ARTICLE AD BOX
detikai.com, Jakarta Di tengah hiruk-pikuk pemudik di Stasiun Pasar Senen, Jakarta, seorang laki-laki berbaju merah manggis duduk di kursi. Bajunya nampak rapih, dan mencolok berbeda dari penumpang pada umumnya.
Terlihat, ada jahitan putih membentuk tulisan Porter 070 menempel di dada. Pria itu berjulukan Kasmari (55). Dan itu adalah seragam porter nan biasa digunakan kala bekerja.
Meski usianya separuh abad, tenaganya boleh diadu sama nan muda-muda. Sudah nyaris 30 tahun dia menghabiskan hidupnya di stasiun tersebut mengangkat peralatan demi barang.
Dari pagi sampai malam, dia setia menunggu di peron. Selalu sigap untuk boyong peralatan penumpang ke gerbong.

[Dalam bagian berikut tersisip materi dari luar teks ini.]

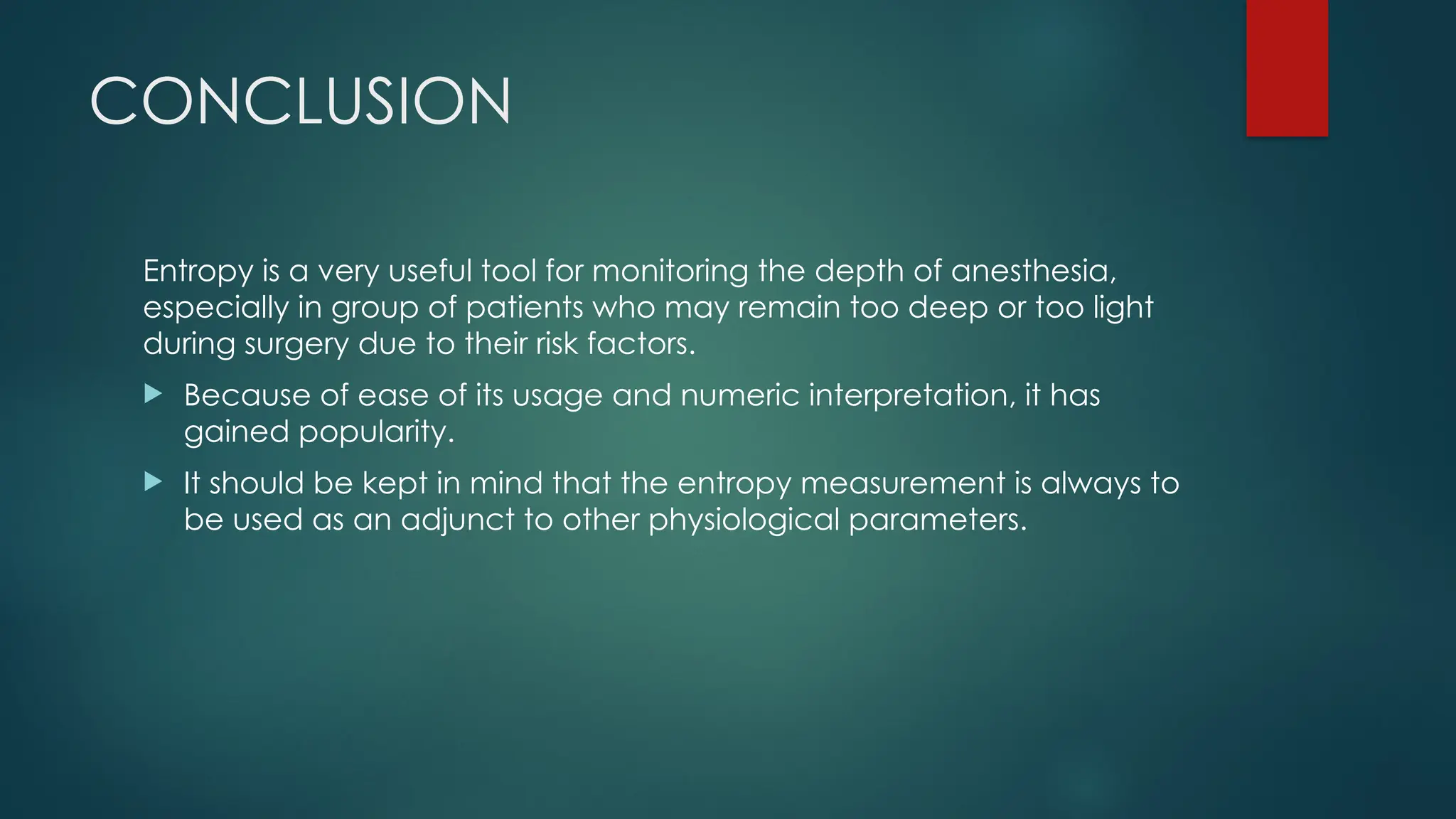 CONCLUSION
Entropy is a very useful tool for monitoring the depth of anesthesia,
especially in group of patients who may remain too deep or too light
during surgery due to their risk factors.
 Because of ease of its usage and numeric interpretation, it has
gained popularity.
 It should be kept in mind that the entropy measurement is always to
be used as an adjunct to other physiological parameters.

Dari koper nan ukurannya bisa "segede gaban" sampai ditaruh di kardus mie instan, semua pernah dipikul di atas pundaknya.
Kasmari pun menyambut antusias lebaran tahun ini. Menurut dia, jauh lebih ramai orangnya daripada liburan Natal tahun sebelumnya.
"Alhamdulillah, lebaran tahun ini ramai, dibanding waktu natalan kemarin," kata dia sembari tersenyum menjawab saat ditemui di Stasiun Pasar Senen Selasa, 25 Maret 2025.
Ramainya penumpang menjadi berkah bagi para porter seperti dirinya. "Penumpang banyak, porter juga lebih dapat," tambah dia.
Sebagai porter senior, Kasmari mengerti betul patokan main. Meski nan berprofesi seperti dirinya banyak, dia tak mau ngoyo dalam bekerja.
"Rezeki itu nan ngatur dari atas, Pak," ujar dia.
Porter di Stasiun Pasar Senen kerja dua shift. Ada 88 porter nan bekerja di tiap shift, mulai dari pukul 07.00 hingga 19.00 WIB. Kasmari memastikan, kerja di sini pakai sistem gantian.
Satu porter dapat jatah, nan lain nunggu giliran, tak ada cerita double job alias sikut-sikutan.
“Kesadaran, kekompakan saja,” katanya.
Tarif resmi sekali angkat Rp30 ribu lewat aplikasi. Tapi sering kali penumpang nan berbaikan hati memberikan lebih.
“Alhamdulillah, tiap hari ada aja nan kasih lebih,” katanya.